• **Problem statement**: Among the lines of the listing below, retype exactly those from the one containing "Trứng Rung 1" through the one containing "Load image into", both included. Do not include pictures.

• **Records shown**:
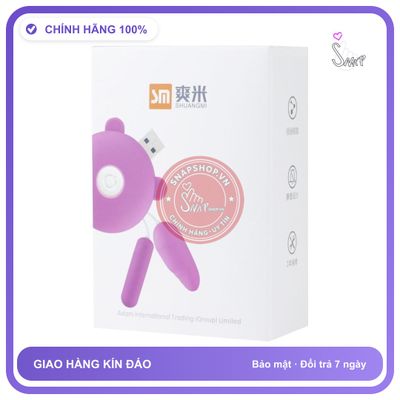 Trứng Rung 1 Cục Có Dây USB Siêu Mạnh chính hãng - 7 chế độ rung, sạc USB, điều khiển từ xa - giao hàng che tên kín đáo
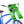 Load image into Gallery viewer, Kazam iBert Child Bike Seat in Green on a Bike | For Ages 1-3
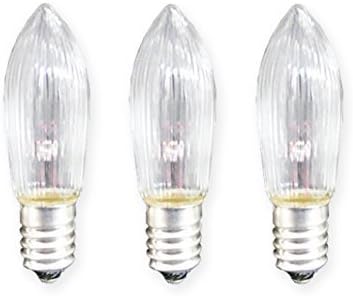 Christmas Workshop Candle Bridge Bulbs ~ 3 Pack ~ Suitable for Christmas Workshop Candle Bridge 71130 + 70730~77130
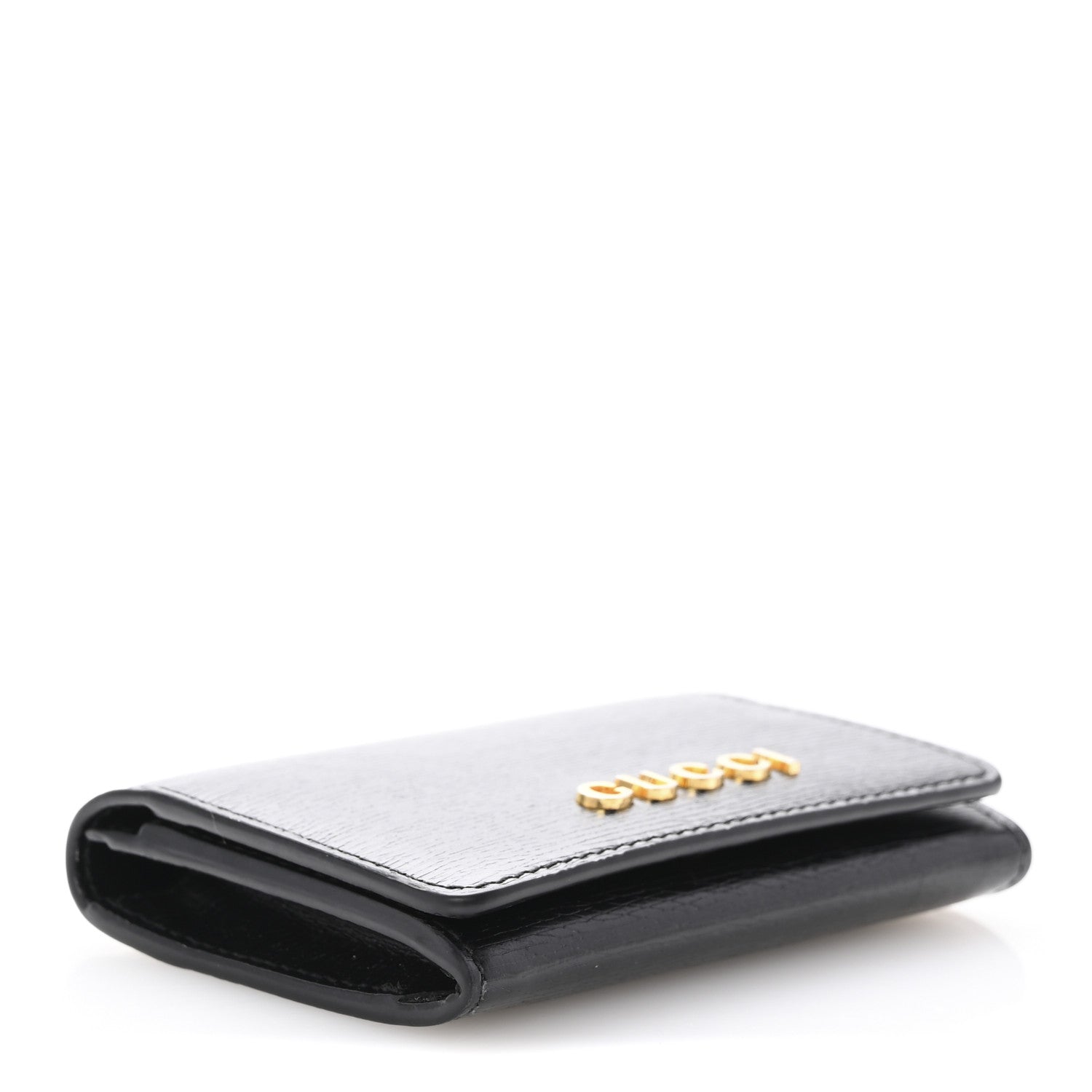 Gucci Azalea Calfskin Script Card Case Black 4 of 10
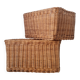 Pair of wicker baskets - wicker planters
* * *
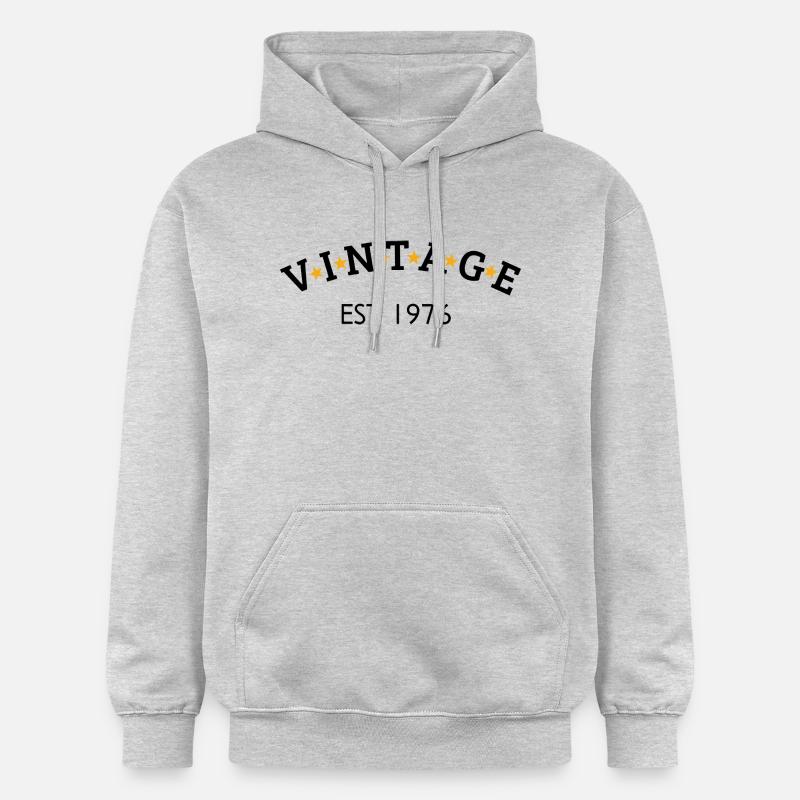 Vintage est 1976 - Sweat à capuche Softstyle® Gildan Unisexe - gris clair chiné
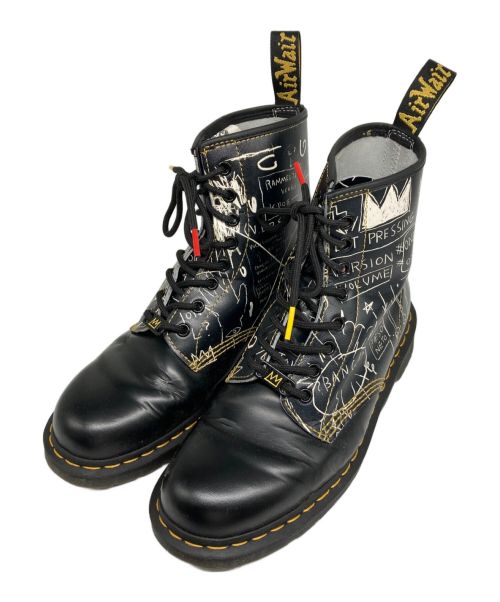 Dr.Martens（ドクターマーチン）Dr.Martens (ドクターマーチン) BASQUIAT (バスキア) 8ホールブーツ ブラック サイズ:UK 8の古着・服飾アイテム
==
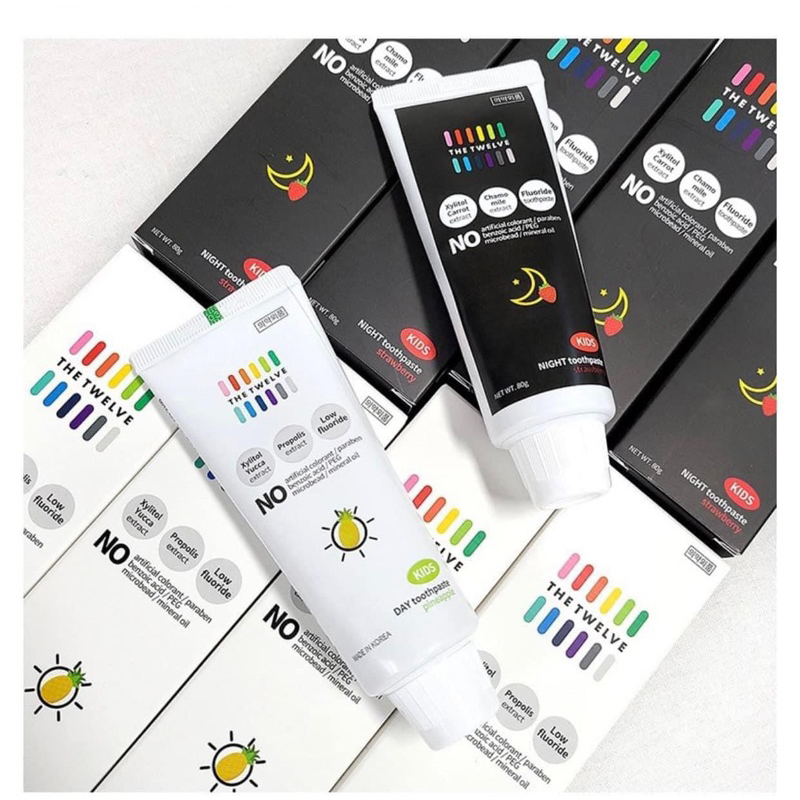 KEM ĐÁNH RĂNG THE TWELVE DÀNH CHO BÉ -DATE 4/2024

• **Answer for the task**:
 Trứng Rung 1 Cục Có Dây USB Siêu Mạnh chính hãng - 7 chế độ rung, sạc USB, điều khiển từ xa - giao hàng che tên kín đáo
 Load image into Gallery viewer, Kazam iBert Child Bike Seat in Green on a Bike | For Ages 1-3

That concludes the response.